Ford paid cash for a locally built dugout—a
cayuca
—with an outboard. He pushed off before sunset.

South of the resort was the Bay of Ascension, a small inland sea pocked with islands and blue craters called cenotes that were
openings to underground rivers. The craters tunneled far into the earth and exited—if they did—no one knew where.

Ford liked that. Along with sea jellies, he had been researching cenote formations in the Gulf of Mexico. Next week, he planned to dive a spot called the Captiva Blue Hole with a hipster friend of his, a boat bum mystic named Tomlinson, who was among the smartest men he knew. Also among the wealthiest, which is why some at the marina believed he was the mystery Santa.

Cenotes were a pleasant coincidence that Tomlinson would have interpreted as a karmic omen.

Good luck or bad?

Marion Ford didn't believe in either, for the same reason he had never believed in Santa Claus.

•   •   •

The resort was
a five-star destination, a white concrete bluff encircled by bamboo-shack poverty where its employees lived—Mexican peasants the resort depended upon to keep tourists smiling. A typical worker-to-guest ratio was three to one. A typical income-to-income ratio wasn't available, but probably obscene.

Ford made use of the inequity, and the cash he'd brought, to create a loose safety net of goodwill. A very loose net, true, but worth the effort in an area where the resort was an island unto itself. Beyond the eastern fence was a hundred miles of jungle. Forty kilometers to the south, through littoral swamp and withering poverty, was Belize, once called British Honduras. Lying between was this shallow bay, with its islands and blue holes, where he had
fashioned a remote base camp, as well as a separate spotting post, only a quarter mile from the hotel and beach.

Ford had done some exploring. He knew more about the area, he suspected, than the corporate bosses who'd built the place. But the bosses, by god, knew their clientele. The wealthy jetted in from around the world for the sun and sex and gambling, and the illusion of limitless excess, which, in the minds of some, equaled freedom. What the guests didn't realize was, despite the fixed smiles and amenities, the resort was an isolated outpost; a fragile life-support system for those who could not, would not, survive for long outside the property's gate.
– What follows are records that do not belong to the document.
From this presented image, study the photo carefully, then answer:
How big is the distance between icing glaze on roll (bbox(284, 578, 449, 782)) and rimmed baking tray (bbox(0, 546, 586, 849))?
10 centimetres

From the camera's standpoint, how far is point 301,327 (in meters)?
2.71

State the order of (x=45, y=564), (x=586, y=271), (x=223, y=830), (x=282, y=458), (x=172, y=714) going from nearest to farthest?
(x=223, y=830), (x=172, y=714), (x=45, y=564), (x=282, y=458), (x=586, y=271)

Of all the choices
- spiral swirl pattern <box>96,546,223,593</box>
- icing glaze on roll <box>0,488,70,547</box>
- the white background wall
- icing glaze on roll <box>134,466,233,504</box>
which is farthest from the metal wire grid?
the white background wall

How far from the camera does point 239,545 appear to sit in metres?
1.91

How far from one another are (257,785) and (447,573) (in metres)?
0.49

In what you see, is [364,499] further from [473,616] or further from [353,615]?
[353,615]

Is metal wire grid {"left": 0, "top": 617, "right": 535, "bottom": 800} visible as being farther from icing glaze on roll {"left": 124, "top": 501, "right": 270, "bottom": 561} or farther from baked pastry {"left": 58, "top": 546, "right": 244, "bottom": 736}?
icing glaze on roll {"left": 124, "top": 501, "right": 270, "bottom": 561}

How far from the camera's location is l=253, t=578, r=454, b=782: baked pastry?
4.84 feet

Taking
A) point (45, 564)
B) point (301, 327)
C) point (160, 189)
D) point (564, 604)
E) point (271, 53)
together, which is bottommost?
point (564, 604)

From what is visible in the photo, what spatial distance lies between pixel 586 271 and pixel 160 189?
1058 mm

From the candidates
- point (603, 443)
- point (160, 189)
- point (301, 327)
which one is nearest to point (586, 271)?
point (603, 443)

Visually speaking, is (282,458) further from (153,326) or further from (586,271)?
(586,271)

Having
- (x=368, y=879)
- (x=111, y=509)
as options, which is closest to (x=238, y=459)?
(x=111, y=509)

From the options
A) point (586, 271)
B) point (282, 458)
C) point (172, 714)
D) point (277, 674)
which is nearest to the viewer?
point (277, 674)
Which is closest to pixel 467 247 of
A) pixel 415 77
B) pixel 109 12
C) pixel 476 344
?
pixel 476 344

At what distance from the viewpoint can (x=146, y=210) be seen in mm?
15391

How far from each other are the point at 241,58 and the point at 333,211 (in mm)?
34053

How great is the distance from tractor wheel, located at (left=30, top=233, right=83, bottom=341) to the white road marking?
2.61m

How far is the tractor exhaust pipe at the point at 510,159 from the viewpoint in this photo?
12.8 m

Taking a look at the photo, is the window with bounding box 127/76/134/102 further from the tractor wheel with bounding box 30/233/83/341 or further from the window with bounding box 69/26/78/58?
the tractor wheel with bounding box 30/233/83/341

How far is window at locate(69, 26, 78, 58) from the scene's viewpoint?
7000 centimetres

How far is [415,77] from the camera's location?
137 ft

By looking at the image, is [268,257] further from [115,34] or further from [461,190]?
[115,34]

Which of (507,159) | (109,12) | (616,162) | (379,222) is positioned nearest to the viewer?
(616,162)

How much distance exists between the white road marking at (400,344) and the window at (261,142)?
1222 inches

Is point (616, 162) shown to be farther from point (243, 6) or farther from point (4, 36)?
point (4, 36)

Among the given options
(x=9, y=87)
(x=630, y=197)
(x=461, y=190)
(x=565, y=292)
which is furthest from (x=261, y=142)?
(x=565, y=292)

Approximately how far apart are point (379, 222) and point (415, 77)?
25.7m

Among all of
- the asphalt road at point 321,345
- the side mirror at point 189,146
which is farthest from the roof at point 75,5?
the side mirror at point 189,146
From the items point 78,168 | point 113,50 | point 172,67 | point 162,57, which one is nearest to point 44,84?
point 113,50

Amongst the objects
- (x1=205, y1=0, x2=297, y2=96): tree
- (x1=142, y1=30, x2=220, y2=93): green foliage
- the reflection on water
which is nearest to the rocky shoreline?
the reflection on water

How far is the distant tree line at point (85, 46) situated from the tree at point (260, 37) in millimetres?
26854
Why would they bother? There was a long list of organized activities: yoga, golf, horseback riding, scuba trips to nearby atolls, billfish charters, and day trips to archaeological sites.

There were many such ruins. This was Mexico's ancient region of Quintana Roo, home of Mayan kings and gods, and temples that, amid choking vines, mocked them both, but were still worth the hundred-euro excursion fee (with a “traditional” lunch included).

Ford was more interested in solitary activities. Hopefully, the man he'd been sent to find would not be afraid to go out alone. There was unsupervised snorkeling, kayaks and paddleboards for rent, a two-mile “nature trail” that featured caged toucans and monkeys, and a lookout pavilion over a pond where caimans—a variety of alligator—waited patiently to be fed.